Valerie A. DePalma, Assistant District Attorney, for the Commonwealth.
GILLERMAN, J. On January 10, 2000, based on a charge of assault and battery, a judge of the Haverhill District Court found probable cause to conclude that the defendant had violated his probation. Following probation violation hearings conducted on January 26 and 28, 2000, a second judge found that "on or about November 12, 1999, the defendant intentionally hit . . . Tori Beal in the right side of her face which resulted in a visible injury," and that by reason of this "subsequent criminal activity"
the defendant had violated the terms of his probation. That judge revoked the defendant's probation, committing him on a suspended sentence that had previously been imposed. The defendant appeals, contesting the sufficiency of the probation violation evidence. There being no error, we affirm.

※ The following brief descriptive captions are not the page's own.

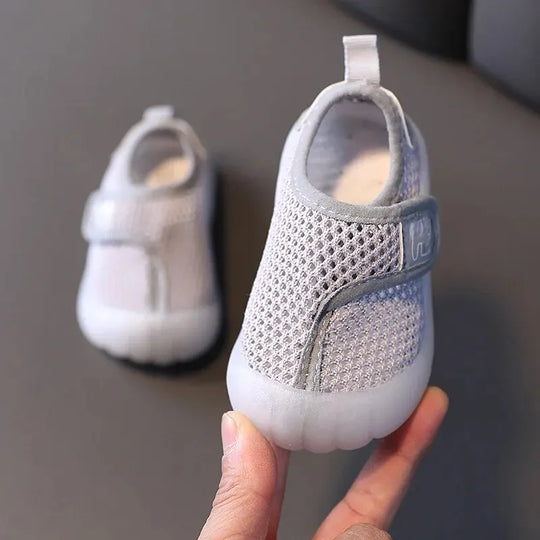 EB | Ultimative Komfort Baby Schuhe mit Ergonomischem Design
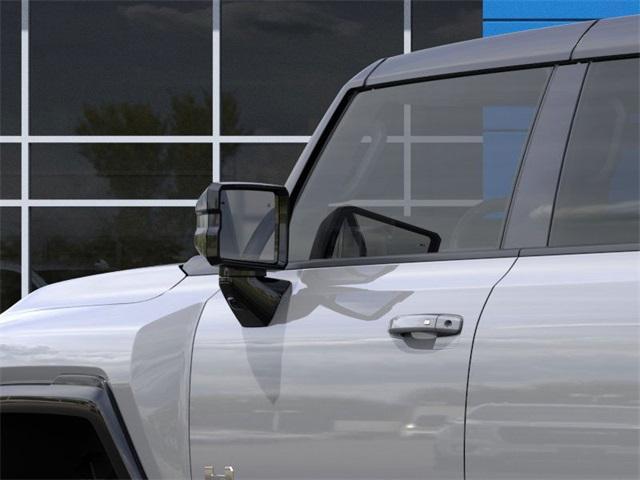 new 2026 GMC HUMMER EV SUV car, priced at $100,019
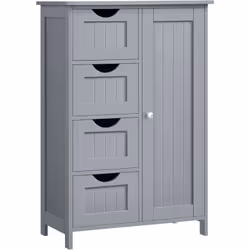 Description générale Découvrez cette armoire de salle de bain élégante et pratique qui allie design moderne et fonctionnalité ...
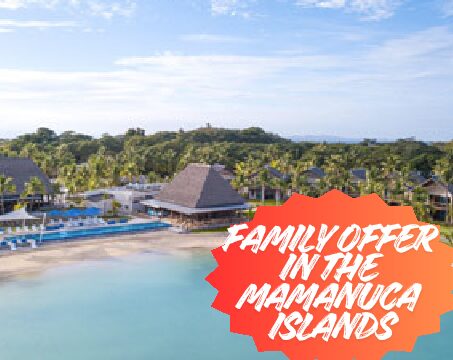 Plantation Island Resort Holiday Packages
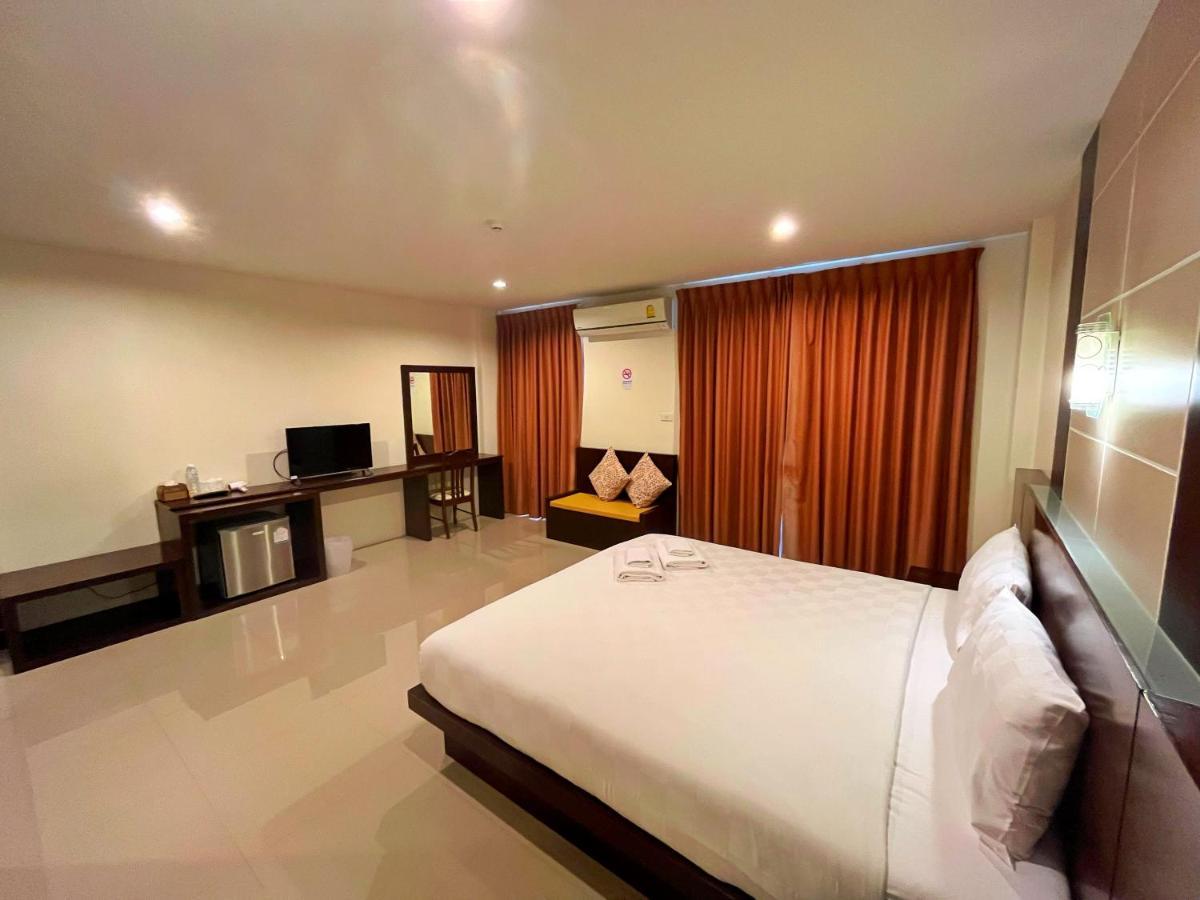 Chambre Double Supérieure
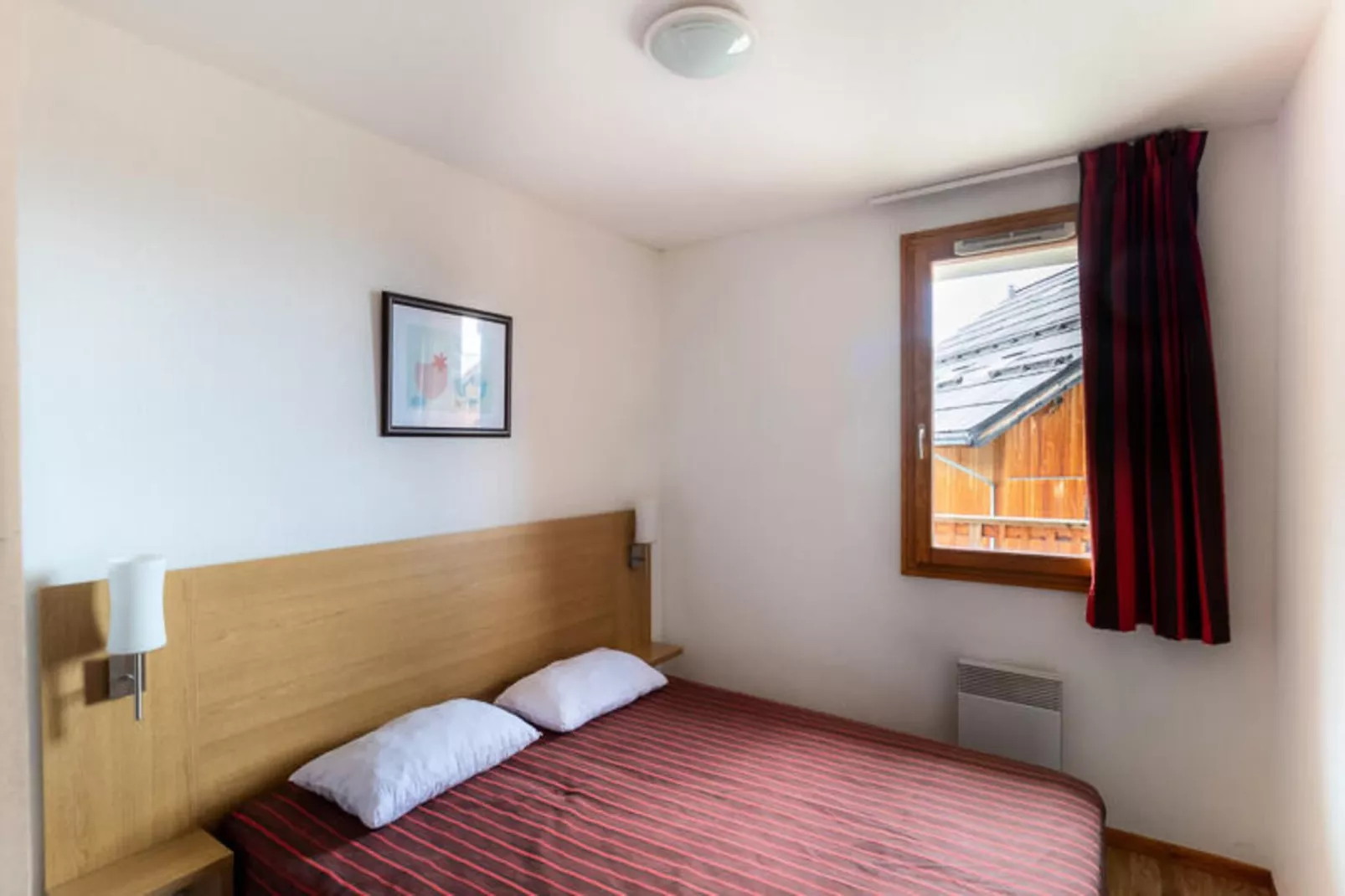 Les Chalets De Bois MÉan - C-Slaapkamer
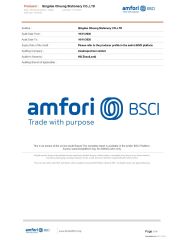 BSCI certificate from QINGDAO OHSUNG STATIONERY CO., LTD.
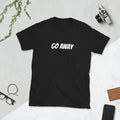 Go Away Funny Quotes Short-Sleeve Unisex T-Shirt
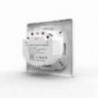 Intrerupator inteligent dublu PNI SmartHome WS222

Officer Ronald Hilchey, a Haverhill police officer, testified for the Commonwealth to the events material to the probation violation proceedings. Officer Hilchey responded within "a minute" to a radio dispatch describing a domestic disturbance at 7 Apple Street. Tori Beal, the defendant's live-in girlfriend, answered the door, and Officer Hilchey interviewed her. Officer Hilchey gave an account of that interview.
According to Hilchey, Ms. Beal was "very upset and crying." She had a "bruise" on her right cheek that "appeared to be a fresh bruise." The sweatshirt she was wearing had "blood spots on [the] sleeve." She kept repeating that she was concerned for her son's safety. She said she had been drinking with her boyfriend, and she was concerned that her boyfriend would be angry at the baby. When first asked about the mark on her face, "she didn't really want to say anything because she didn't want to get anybody in trouble." Asked again, she said she was "punched in the face" by the defendant. Pressed on this point by Hilchey, she repeated she was punched in the face, but then said "No, that wasn't right." When Hilchey told her that he believed she had been struck, she said she did not want the defendant arrested. When asked about prior episodes, she said that the defendant had been charged with the same type of domestic violence crime before. She told Hilchey that her face hurt, but refused an ambulance, explaining that it was "only a punch." She refused to sign the police report, explaining that she did not want to get the defendant in trouble. The Commonwealth rested at the conclusion of Hilchey's testimony.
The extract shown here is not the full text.